------ Data excerpt
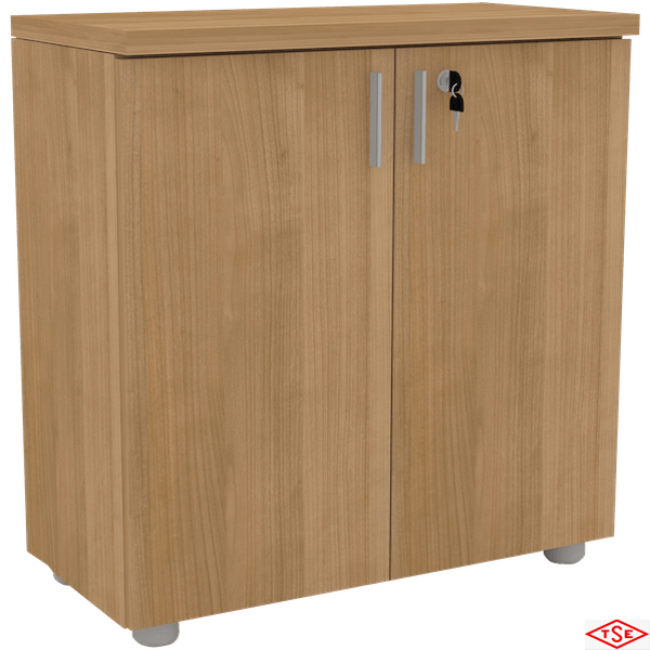 80 cm Tüm Kapaklı Ofis ve Büro Dolap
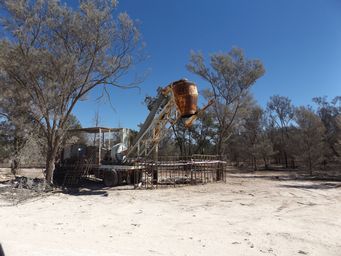 341_grawin_mine_dscf4417.jpg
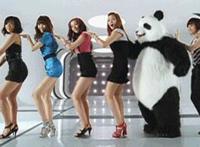 隔壁女生叫床声音很大 隔壁声音太大受不了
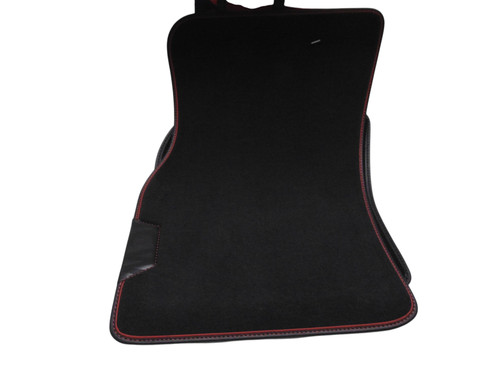 New genuine mini f55 f56 - mini,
------------
§ **Directions for this task**: Leave out the pictures and retype every line above exactly.

§ **Output of the task**:
 80 cm Tüm Kapaklı Ofis ve Büro Dolap
 341_grawin_mine_dscf4417.jpg
 隔壁女生叫床声音很大 隔壁声音太大受不了
 New genuine mini f55 f56 - mini,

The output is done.